# Show that $\sum_{n=0}^{\infty}(\sum_{j=0}^n a_jb_{n-j})$ converges to $(\sum_{n=0}^{\infty}b_n)(\sum_{n=0}^{\infty}a_n)$.

Let $a_j, b_j \in \mathbb C$ for all $j$ such that both $\sum_{j=0}^{\infty}|a_n|$ ,$\sum_{j=0}^{\infty}|b_n|$ converges.

Show that $\sum_{n=0}^{\infty}(\sum_{j=0}^n a_jb_{n-j})$ converges to $(\sum_{j=0}^{\infty}b_n)(\sum_{j=0}^{\infty}a_n)$.

I know that since the two complex series converges absolutely, they converge, thus they're both bounded.

Let $|b_j|< K$ for all $j$ where $K>0$
there exist $J_1$ such that for all $j \ge J_1$, $|b_j -M| < \frac{\epsilon}{2L}$
there exist $J_2$ such that for all $j \ge J_2$, $|a_j -L| < \frac{\epsilon}{2K}$
then for all $j \ge J$ where $J = \max\{J_1,J_2\}$ \begin{align*} |a_jb_j - LM| &= |(a_jb_j - Lb_j) + (Lb_j - LM)|\\ &\le |a_j -L||b_j| + |L||b_j - M|\\ &\le |a_j -L|K+L|b_j-M|\\ &\le \frac{\epsilon}{2} + \frac{\epsilon}{2} = \epsilon. \end{align*} Would this be the right way to complete this question?
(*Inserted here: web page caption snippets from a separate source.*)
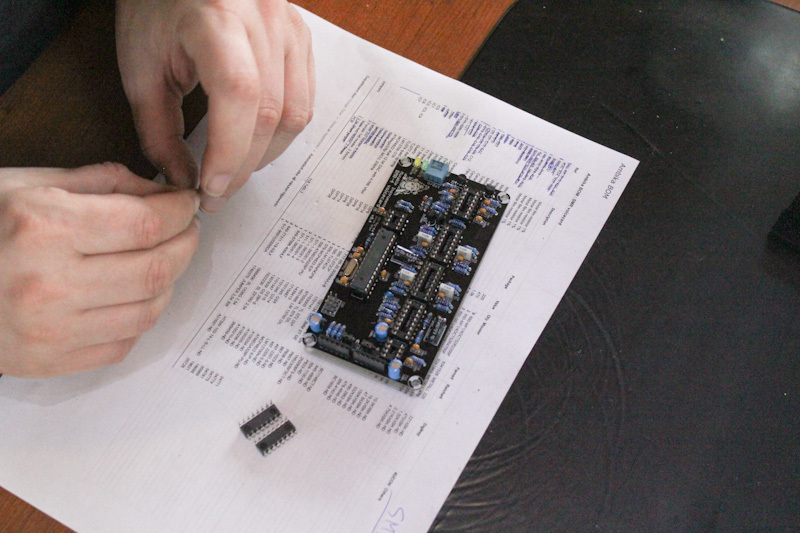ambika voice card soldering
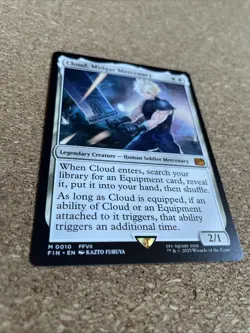 MTG Final Fantasy - Cloud, Midgar Mercenary FIN #010 Non Foil Rare Mythic NM - Image 2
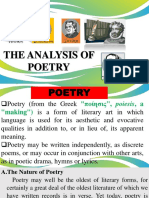 Analysis of Poetry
Note that $\displaystyle \sum_{p=0}^{\lfloor N/2 \rfloor} a_p \sum_{q=0}^{N-\lfloor N/2 \rfloor} b_q = \sum_{n=0}^{N} \sum_{p+q=n} a_pb_q = \sum_{n=0}^N\sum_{p=0}^na_pb_{n-p}$
Since the sequences $N-\lfloor N/2 \rfloor$ and $\lfloor N/2 \rfloor$ both go to $\infty$ monotonically, $\displaystyle \lim_{N\to \infty} \sum_{p=0}^{\lfloor N/2 \rfloor} a_p \sum_{q=0}^{N-\lfloor N/2 \rfloor} b_q =\sum_{p=0}^{\infty} a_p \sum_{q=0}^{\infty} b_q$
Therefore, the series $\sum_{n=0}^N\sum_{p=0}^na_pb_{n-p}$ is convergent and its limit is $\sum_{p=0}^{\infty} a_p \sum_{q=0}^{\infty} b_q$.